AK Parti ve MHP’nin üzerinde uzlaşma sağlayarak geçen hafta Meclis’e gönderdiği 26 maddelik kanun teklifi bu hafta TBMM’de görüşülerek oylanacak.

Seçim sisteminde köklü değişiklikleri ele alan bu teklif şimdiden tartışma yarattı. Bu değişiklik gerçekleşirse siyasi partiler kendi aralarında ittifak yaparak seçime girebilecek ve dışardan bazı isimleri de milletvekilliğine taşıyabilecek.

Seçimde siyasi partiler dışında ittifak halinde olan partilerin de pusulada oylanması sağlanacak. Siyasi partiler seçim çevresinde aldıkları oy oranına göre de ittifak oldukları oylardan pay alacaklar. Siyasi partilerin toplam aldıkları oylar yüzde 10’u geçtiği takdirde tüm ittifak partileri barajı geçmiş sayılacak. Seçim süresince sandıklarda artık siyasi partilerin temsilcileri değil Yüksek Seçim Kurulu’nun belirlediği kamu görevlileri başkan ve asil üye olarak yer alacaklar. Seçilme yaşı 18’e düşürülerek yatağa bağımlı seçmenlerin oy kullanmaları için seyyar sandık uygulaması da gündemde. Seçim öncesi durumdan vazife niteliği taşıyan bu değişim taleplerinin partilere nasıl bir etki yaratacağı ise merak konusu.

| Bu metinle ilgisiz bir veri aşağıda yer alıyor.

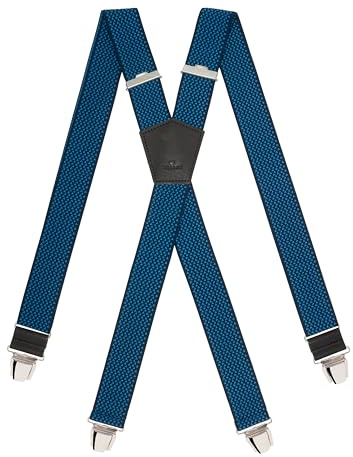 Pierrot Bretelle Uomo Larghe Premium - Regolabili Fino A 130cm - Elastico Rinforzato e Finiture in Pelle - Garantite A Vita - Clip molto forti - Bretelle Uomo Eleganti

AK Parti’nin ilk turda seçimi kazanmak için MHP ile ittifak kurarak ‘Cumhur İttifakı’ dediği bu birleşime dışardan milletvekilliği desteği ile BBP’yi de katarak sonuç alma arayışı yetersiz kalınca, SP’nin kapısı çalındı.

Ancak Sadet Partisi’nin bu birleşimde MHP gibi bir pozisyon alamadığı sürece katkı veremeyeceği de kesinleşti. Bu durumda gözler CHP, İYİ Parti ve diğerlerindeki gelişmelere çevrildi. İYİ Parti Genel Başkanı Merak Akşener’in “2. turda karşılıksız CHP’yi destekleriz” sözü artık 1. turda ittifak yapılır anlamını taşıyabilir. Ancak muhalefetin en büyük sorunu İYİ Parti ve ötekilerin CHP ile aynı ittifak portalına gelip gelememesi, zira bu gerçekleşmez ise sonuç alınması imkansız hale gelmektedir. Kaldı ki CHP, İYİ Parti ve ötekiler bile yüzde 51 için yetersiz olabilir, bu nedenle Saadet Partisi de ikna edilmelidir.

Tüm bu ittifakların gerçekleşmesi durumunda bile sonucun nasıl olacağını kestirmek zor.

Ancak özellikle keskinleşmiş seçmen niteliği görünümünde olan AK Parti seçmeni ittifak alanından çok kendi partisini destekler nitelikte.

CHP seçmeni açısından durum tamamen farklı, ittifak yapacağı partilere göre eğilimleri değişebilir ve ittifak alanını daha bilinçli kullanılabilir, bu durum CHP’de fireye neden olsa da genel sonuç açısından olumlu olabilir. İYİ Parti, CHP ile kuracağı ittifak ile Meclis’te yerini alabilir ancak genel sonuç için ikisinin birleşmesi yeterli olmayacaktır.

Tabii ki bu ittifaklar toplandığında beklenildiği gibi olmayabilir, seçimin en önemli argümanı algıdır. Seçim gününe kadar ülkemizde gelişecek siyasi, ekonomik, askeri ve sosyal olayların her biri, seçim sonuçlarına etkili olacaktır. Bugün ilk düğmeye basan AK Parti, stratejik ortağını belirleyip sahada güçlü olabilecek diğer ortaklara şimdiden göz kırparken, diğer taraftan elindeki hükümet gücünü kullanarak kırsalda yaşayan vatandaşlara, köylüye yeni destek projelerini anlatmaya başladı bile. Arkasından esnaf, emekli ve diğer kesimlerin beklediği hamleler gelebilir.